Under Rule 38 of the Federal Rules of Appellate Procedure, we may award damages, including attorney's fees, and costs if an appeal is both frivolous and an appropriate case for the imposition of sanctions. See Hilgeford v. Peoples Bank, 776 F.2d 176, 179 (7th Cir.1985); Trecker v. Scag, 747 F.2d 1176, 1179 (7th Cir.1984), cert. denied, --- U.S. ----, 105 S.Ct. 2140, 85 L.Ed.2d 498 (1985); Reid v. United States, 715 F.2d 1148, 1154-55 (7th Cir.1983). The conclusion that this appeal is frivolous seems inescapable. The suit in federal court was an attempt to vacate a prior correctly decided state court decision. On appeal, the appellants failed to provide any real legal or factual support for their arguments. Moreover, they have ignored the district court's encouragement for the appellants to secure competent legal counsel.


Our review of the briefs and record persuades us that this is vexatious litigation and an appropriate case for the imposition of sanctions. Appellants have alleged five meritless claims which include suits against two members of the judiciary.
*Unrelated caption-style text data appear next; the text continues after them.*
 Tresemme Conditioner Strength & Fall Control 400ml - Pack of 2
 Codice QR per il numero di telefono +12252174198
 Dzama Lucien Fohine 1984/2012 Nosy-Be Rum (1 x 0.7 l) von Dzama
Although "[t]he doors of this courthouse are of course open to good faith appeals of what are honestly thought to be errors of the lower courts[,] ... we can no longer tolerate abuse of the judicial review process" by those who press frivolous appeals to harass. Granzow v. Commissioner, 739 F.2d 265, 269 (7th Cir.1984). Accordingly, we award defendants Fox, Skrivanie, and Judge Hazlewood their reasonable attorneys' fees incurred in defending this frivolous appeal in addition to the costs allowed by Rule 39 of the Federal Rules of Appellate Procedure. Defendants shall submit, within fifteen days of the date of this opinion, statements as to their legal expenses on appeal.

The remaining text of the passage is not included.